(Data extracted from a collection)
^^^^^^^^

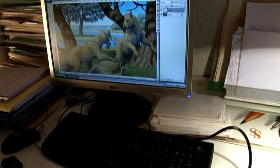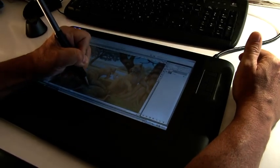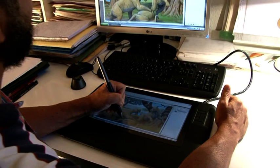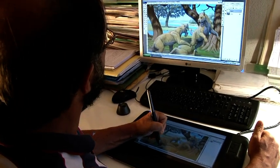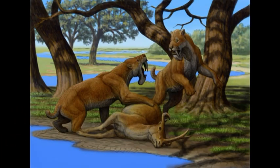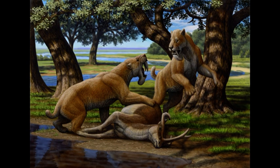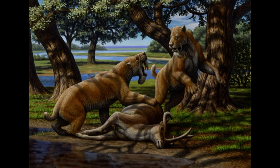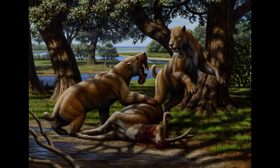Color, texture and shading are created in the computer, using a graphic tablet to preserve the natural motions of the hand. Working in layers allows us to solve minor problems in composition which one might have overlooked at the sketching stage.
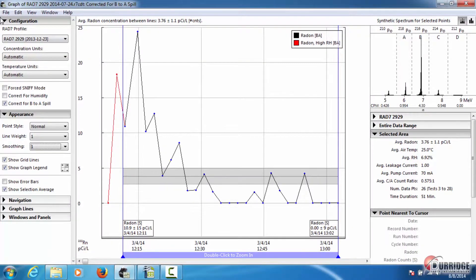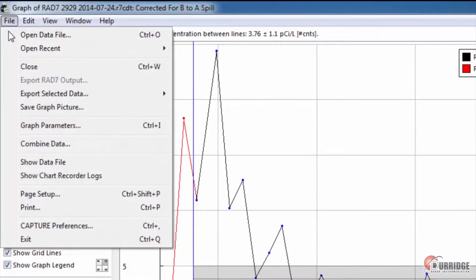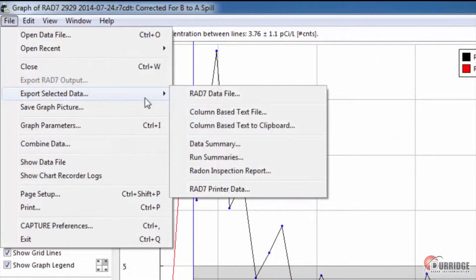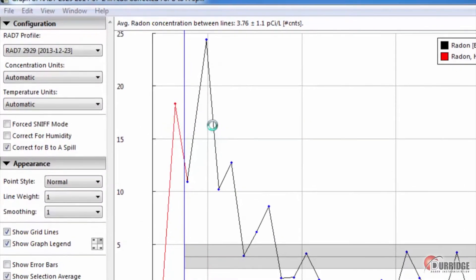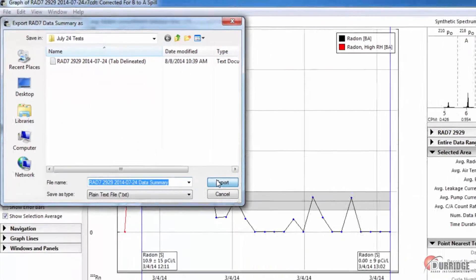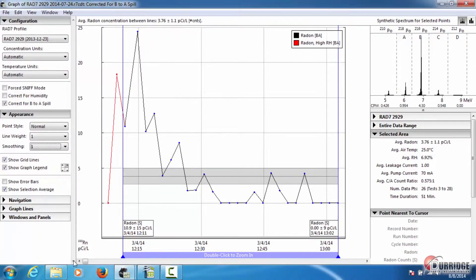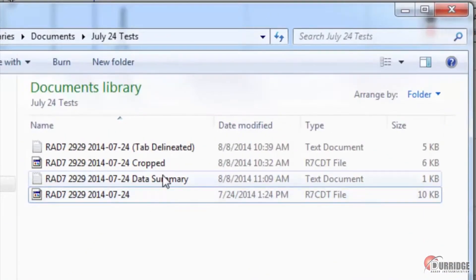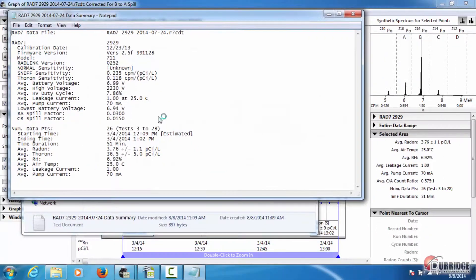Exporting a data summary saves the data as a text file that contains basic information about the RAD7 and the test data. If you select this option, pick a name and location to save the file. You can then open it in either a text editor or a spreadsheet.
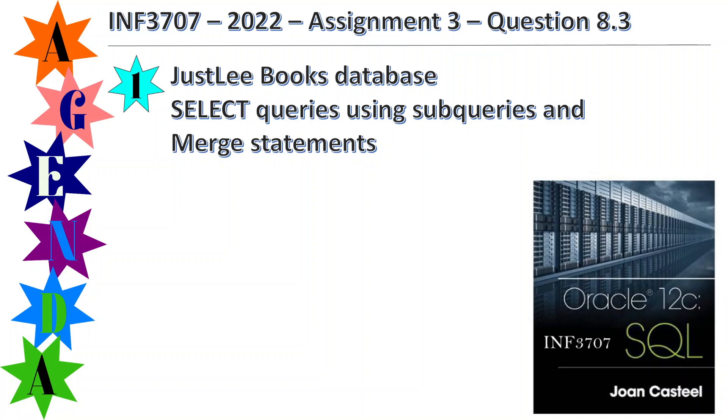I'm going to be using the JustLee Books database. I'm going to show SELECT queries using subqueries and merge statements.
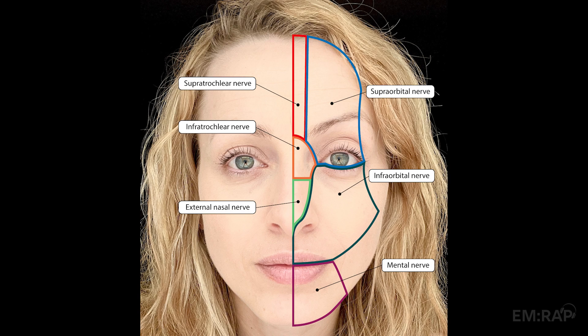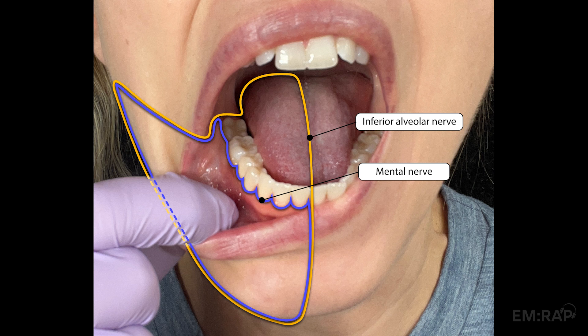The inferior alveolar nerve is a more proximal portion of the mental nerve. Blocking it will anesthetize the entire territory of the mental nerve, plus the mouth, teeth, and usually half of the tongue due to diffusion into the nearby lingual nerve. It's a great block for painful dental complaints or procedures.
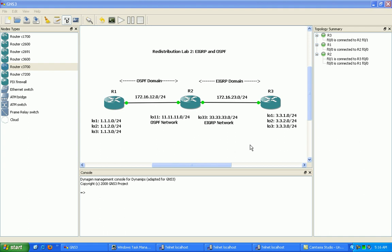Hello, my name is Steve Bowler and in this video I'm going to be configuring redistribution. In particular, we're going to be taking a look at mutual redistribution between EIGRP and OSPF. I'm also going to be going over some very important rules within redistribution that, if you're not careful about, can end up biting you in a lab exam, on the job, or in a practice lab.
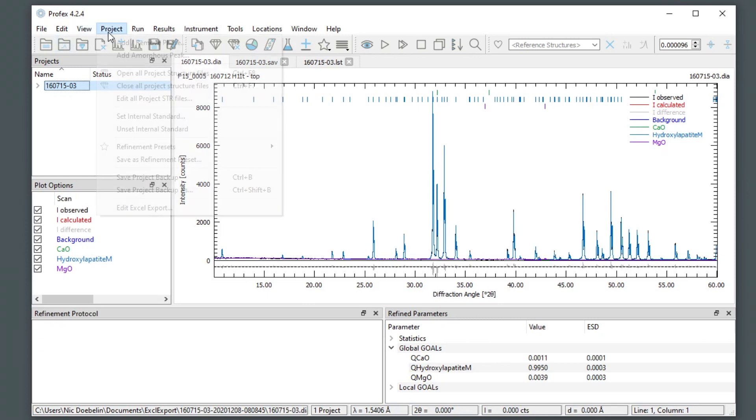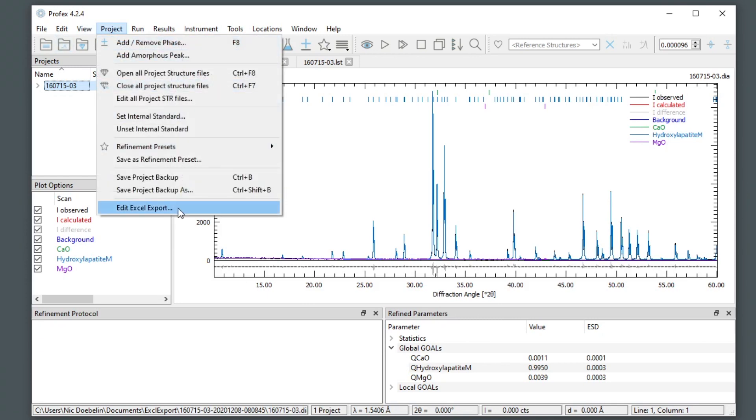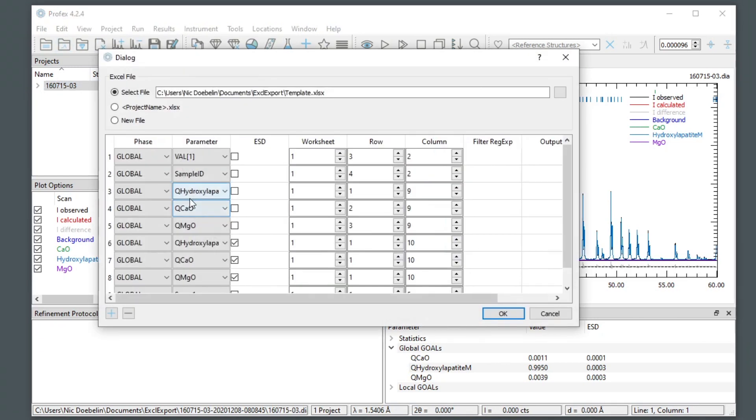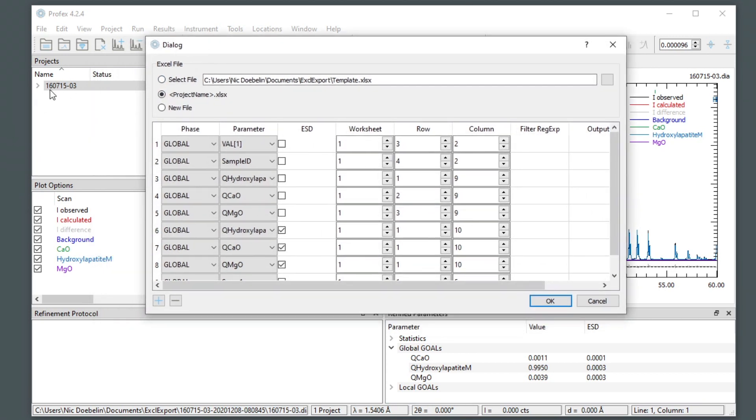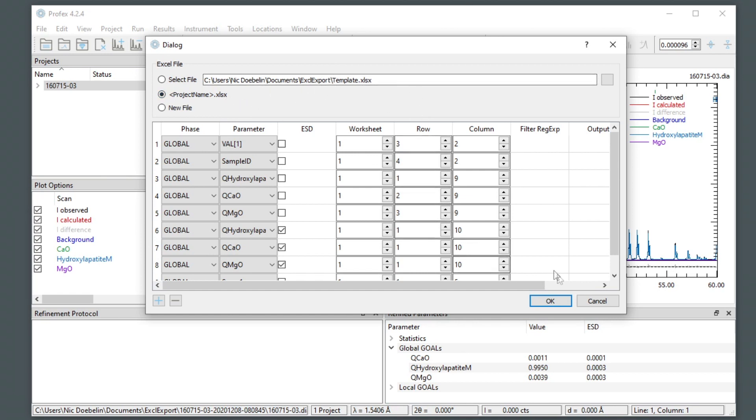In the export configuration, there was also an option to export the results to an Excel file with the same name as the project base name. If we check this, it will search for a file in the project directory with the same name as our project. So in this case, that would be 160715-03.xlsx. And in certain use cases, this is much more convenient than opening the same template for all projects. And I want to show you an example when this might be the preferred option here.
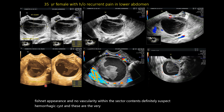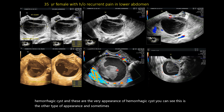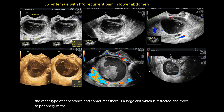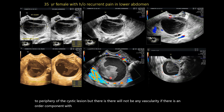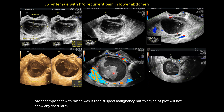These are the varied appearances of hemorrhagic cysts. Sometimes there will be a large clot which is retracted and moved to the periphery of the cystic lesion, but there will not be any vascularity. If there is a nodular component with raised vascularity, then suspect malignancy. This type of clot will not show any vascularity on color Doppler.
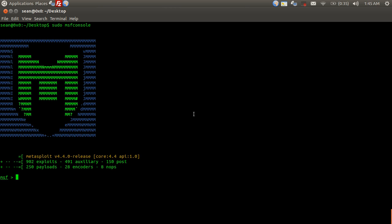First thing we've got to do is load the module for ARP spoofing, or ARP poisoning. So we're going to do use auxiliary, it's under spoof, ARP, ARP poisoning. You can just hit the tab button to fill out the rest for you.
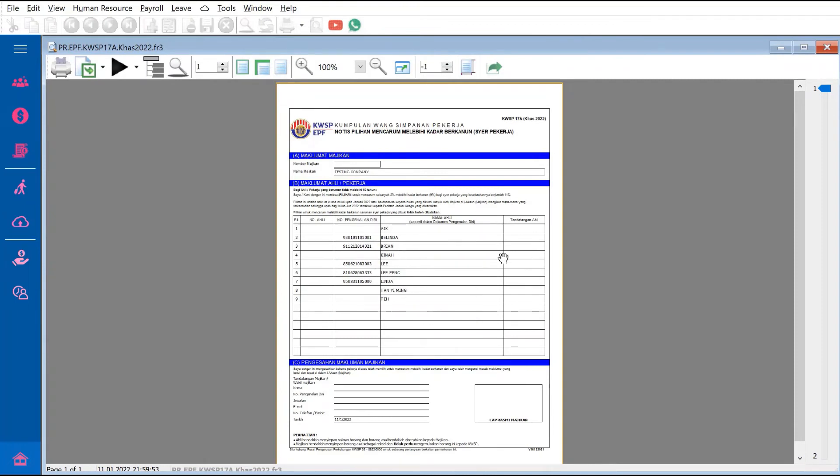You just need to print this out, get your staff to sign off on who wants to contribute the additional 2%, and you can keep it for your own records.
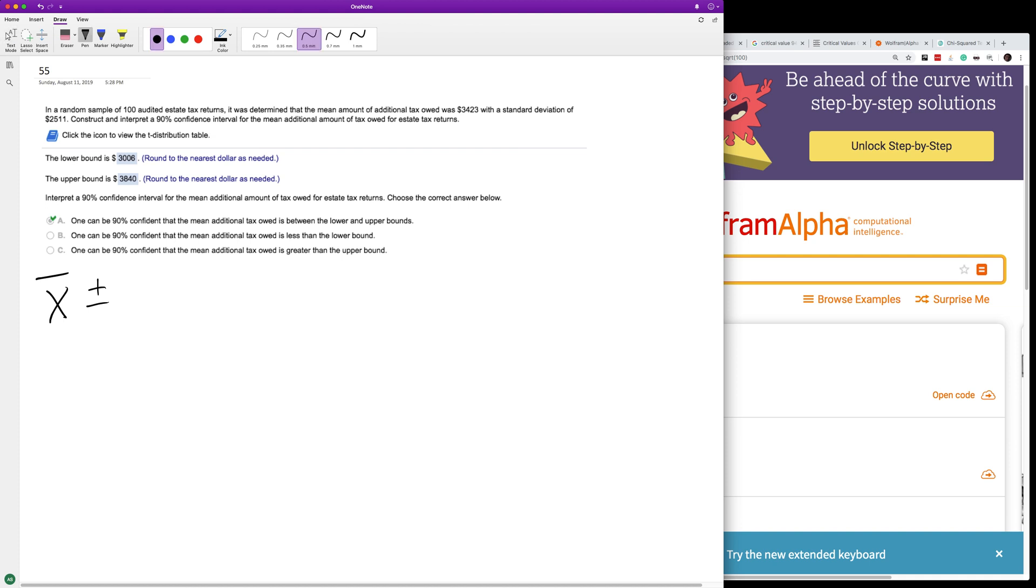So, was it T alpha divided by 2? And then standard deviation over the square root of the number.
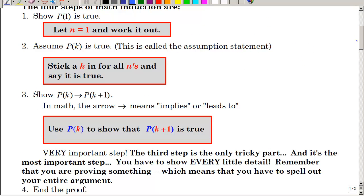So we have four steps. The first one, we have to show that it is true for the first number — that's usually a very easy step. Then we have our assumption statement that says assume P of K is true; basically we stick a K in for all the Ns and say it is true. Then the third step, which is the hard one: we need to show that P of K implies that P of K plus one is true. That arrow means imply. It's the most important step and you have to show every little detail — you are proving something, which means you have to spell out your entire argument, just as if you were writing an English paper proving your thesis. And then the fourth step is you end that proof.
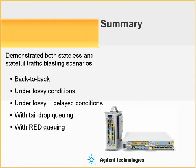To summarize, we have demonstrated both stateless and stateful traffic blasting in a variety of scenarios, including back-to-back, lossy conditions, lossy and delayed conditions, with tail drop queuing and with RED queuing.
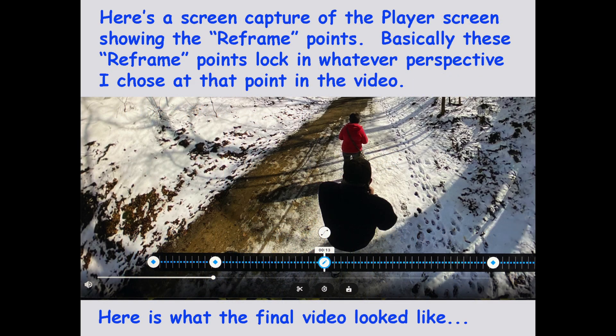What you see here is a screen capture of what one of those files looks like when it's sitting inside of the GoPro Player software. Basically what I'm doing here is adjusting the perspective that I want, and then I lock that in by putting one of those reframe points on the timeline that you see across the bottom. Then you can move the video forward, and if you want to change the perspective, you pause it, change the perspective, lock it in.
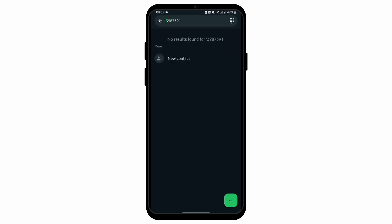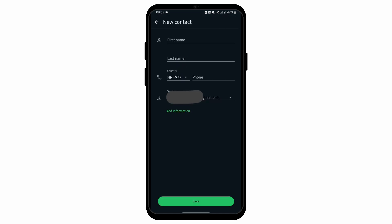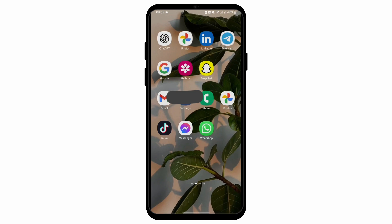Now in case you would like to add a new person which is not listed in your contact list, type in their phone number and tap on new contact. First of all, save their name on your device, and you will be able to add them in that group.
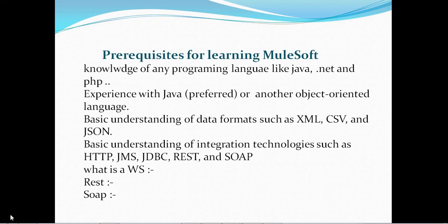Today we will discuss MuleSoft and what are the prerequisites for learning it. To learn MuleSoft, we should know programming languages like Java, .NET, and PHP, and we should have experience with Java or any other object-oriented language. We also need a basic understanding of data formats such as XML, CSV, and JSON, which are used to exchange data between multiple systems and applications.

^^^^^^^^

§ What is expected
Pictures in the entries do not go into the copy. Print only the lines starting at the one containing "The inferior alveolar" and ending at the one containing "Hello, my name", exactly as they appear.

§ Answer to this problem
The inferior alveolar nerve is a more proximal portion of the mental nerve. Blocking it will anesthetize the entire territory of the mental nerve, plus the mouth, teeth, and usually half of the tongue due to diffusion into the nearby lingual nerve. It's a great block for painful dental complaints or procedures.
Hello, my name is Steve Bowler and in this video I'm going to be configuring redistribution. In particular, we're going to be taking a look at mutual redistribution between EIGRP and OSPF. I'm also going to be going over some very important rules within redistribution that, if you're not careful about, can end up biting you in a lab exam, on the job, or in a practice lab.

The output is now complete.